As Ireland make their way home from the cricket World Cup after a pool stage exit, it speaks volumes for the high standards they now set themselves, that they will be somewhat disappointed in their performance over the last month.

The opening match victory against the West Indies, while thrilling, did not have the same giant killing feel, that both Ireland’s victories over Pakistan and England had at previous World Cups. Ireland came to the World Cup this year not only to participate but to progress, and a place in the knockout stages was deemed a reasonable target.

At times, it come occasionally seem as though we’re not allowed to criticise the associate nations. There right to compete at global tournament’s has been rightly trumpeted over the last month. But if Ireland wish to mix it wit the full members, then they are also open to similar levels of criticism.

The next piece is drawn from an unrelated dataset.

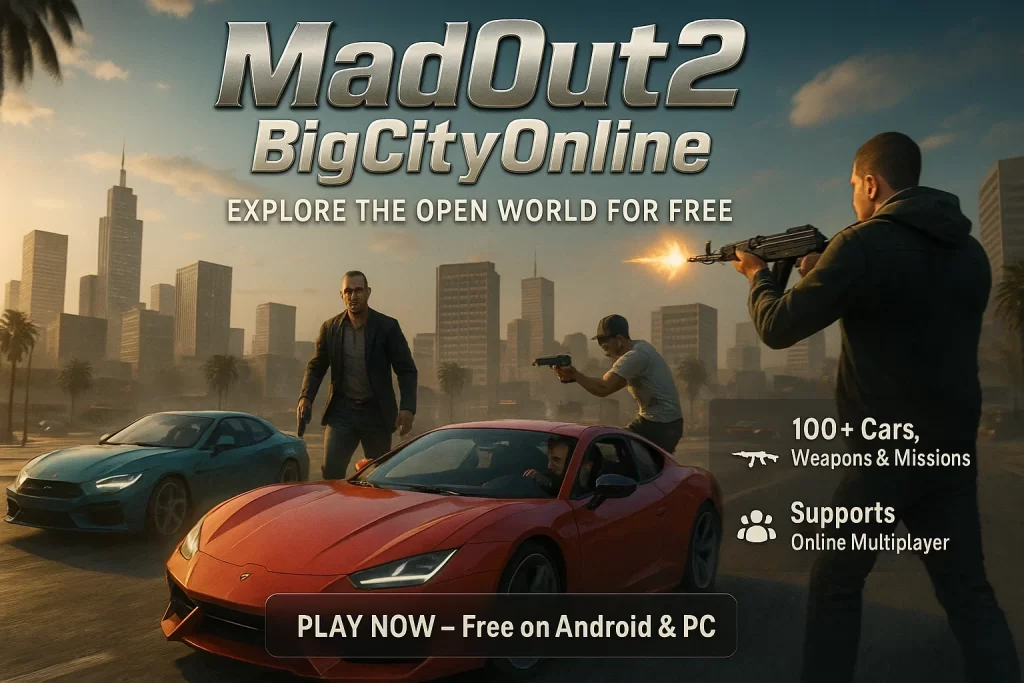 madout 2 bigcityonline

To be fair to the Irish side, they themselves set the highest standards fro their performances. They will be bitterly disappointed to miss out on the knockout stages, not only to further advance the associate case, but also because they know they’re good enough.

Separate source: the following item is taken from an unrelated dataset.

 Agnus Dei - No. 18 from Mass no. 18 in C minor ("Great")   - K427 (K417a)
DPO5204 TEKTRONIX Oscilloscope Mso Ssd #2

When in form, Ireland can beat any other ODI nation; it’s as simple as that. Despite lacking the resources and infrastructure of the Test nations, when it comes to ODI cricket, Ireland are certainly faring no worse than Bangladesh, West Indies or England.

During the World Cup, Ireland’s bowlers did not perform to the standards we have come to expect. After two victories from the opening two matches, Ireland ran out of answers in the face of some outstanding batsmanship from Hashim Amla and Faf Du Plessis In truth, most attacks would have struggled to cope with South Africa in that form. But many described Ireland’s bowling as naïve or inexperienced, but actually it was just poor. Naivety does not come into it, Ireland are good enough to compete with all sides, and on that day they were poor.

In matches against India and Pakistan, the boys in green could only post a meagre total and their bowlers simply weren’t good enough to defend it. Alex Cusack aside, it was a disappointing campaign for Ireland’s bowlers. The batsman will also be underwhelemed by their own form, Joyce and Porterfield led ably at the top of the order, but the late order hitting that all the best sides in this World Cup have utilised, failed to come to fruition.

Make no mistake, I think Ireland did okay. Certainly far better than England, and they probably deserved a quarterfinal place at least. But Ireland are now good enough to be considered amongst the top 11 ODI sides in the world, comfortably so even.

Skipper William Porterfield spoke out once again at the ICC’s decision to limit the 2019 World Cup to just 10 teams. One has to wonder if the a part of the reason for the limitation, is that associate’s such as Ireland are getting a bit too good. God forbid they upset the applecart and don’t guarantee maximum games for India.

For Ireland, the next four years could be tough. Left fighting for scraps on the ODi calendar, and with no guarantee of a place at the next World Cup. They will need to stick together as a group and continue their strong performances if they are to increase the pressure on the ICC.